Governor Andy Beshear announced on January 27 that Kentucky had purchased 200 travel trailers to house displaced tornado survivors. The trailers, meant to serve as medium-term housing, were purchased from RV dealers through the Commonwealth Sheltering Program.

Families are picking up the pieces after a deadly tornado damaged more than 60 homes in Hale County, Alabama. The tornado destroyed 20 homes and made 35 homes unlivable. Half of the hardest-hit properties were mobile homes.

Wildfires

The Colorado Sun reports that Marshall Fire survivors without renter’s insurance are facing unique obstacles to recovery.

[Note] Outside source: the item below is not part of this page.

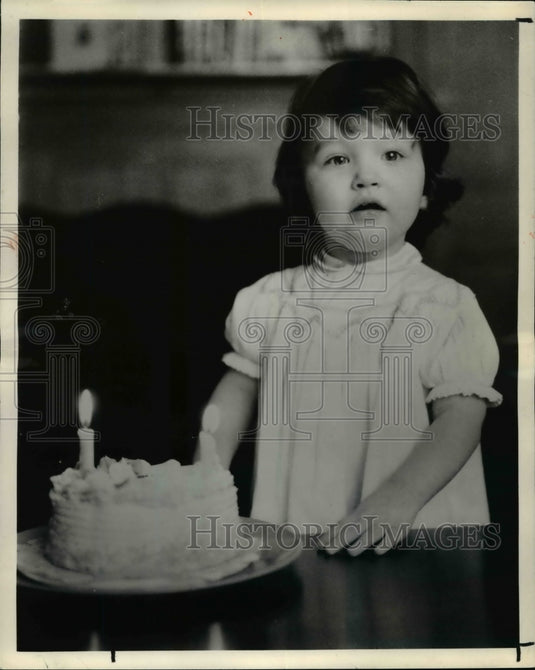 1959, A little girl's birthday cake - cvb27535 - Historic Images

While future services may be made available to help renters whose homes were contaminated by smoke and ash, at present survivors must replace ruined belongings on their own.

Survivors of Southern Oregon’s 2020 Labor Day wildfires will receive an additional six months of FEMA housing support. FEMA extensions are typically provided in three-month increments, but the severity of the damage in the Rogue Valley, combined with the area’s low-housing inventory, prompted officials to grant survivors an extra six months of support. Of the 190 families that were housed by FEMA in Jackson County, 154 are still residing in FEMA temporary housing.

According to an Oregon State University community health study, survivors of the 2020 Labor Day wildfires in Santiam Canyon reported that breathing problems, health issues, and difficulties finding housing still impacted them a year after the fires. More than 700 families lost their homes in the fires, but as of one year later, only 13% of displaced households managed by the Santiam Service Integration Team had entered permanent housing. The remaining 87% of displaced households were still in temporary housing. Survivors report that the inability to find housing has resulted in depression, anxiety, chronic stress, and trauma.

New affordable housing for survivors displaced by the Almeda Fire opened on January 31 in downtown Medford, Oregon. The developer, Fortify Holdings, partnered with Rogue Community Health, Oregon Housing and Community Services, and ACCESS to purchase an 84-unit motel that will provide short- and intermediate-housing for many survivors. However, the development is not meant to serve as a replacement for long-term affordable housing.